### ASSIGNED TASK
Take the records below and extract, word for word, the lines from the one containing "Final Fantasy X2" through the final line, inclusive. Omit pictures.
***** INPUT FOR THIS TASK
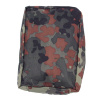 Vrecko MOLLE na zips, malé, Modular System, flecktarn (M.F.H.)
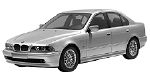 BMW E39 C283E Fault Code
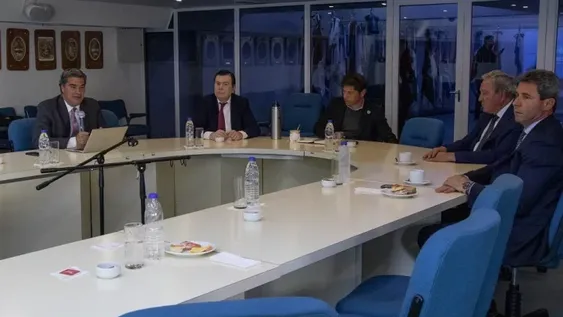 Gobernadores piden Comisión por la Paz y la No Violencia
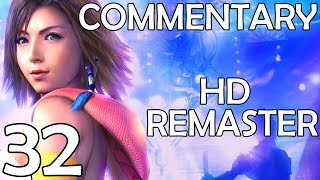 Final Fantasy X2 HD Remaster  Commentary Walkthrough  Part 32  Dark Knight amp Baralai [upl. by Barbabas762]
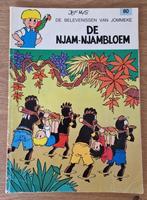 Jommeke - La fleur de Njam-Njam -80 (1982) Bande dessinée, Livres, Une BD, Utilisé, Enlèvement ou Envoi, Jef Nys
**********
### ANSWER SPACE
 Final Fantasy X2 HD Remaster  Commentary Walkthrough  Part 32  Dark Knight amp Baralai [upl. by Barbabas762]
 Jommeke - La fleur de Njam-Njam -80 (1982) Bande dessinée, Livres, Une BD, Utilisé, Enlèvement ou Envoi, Jef Nys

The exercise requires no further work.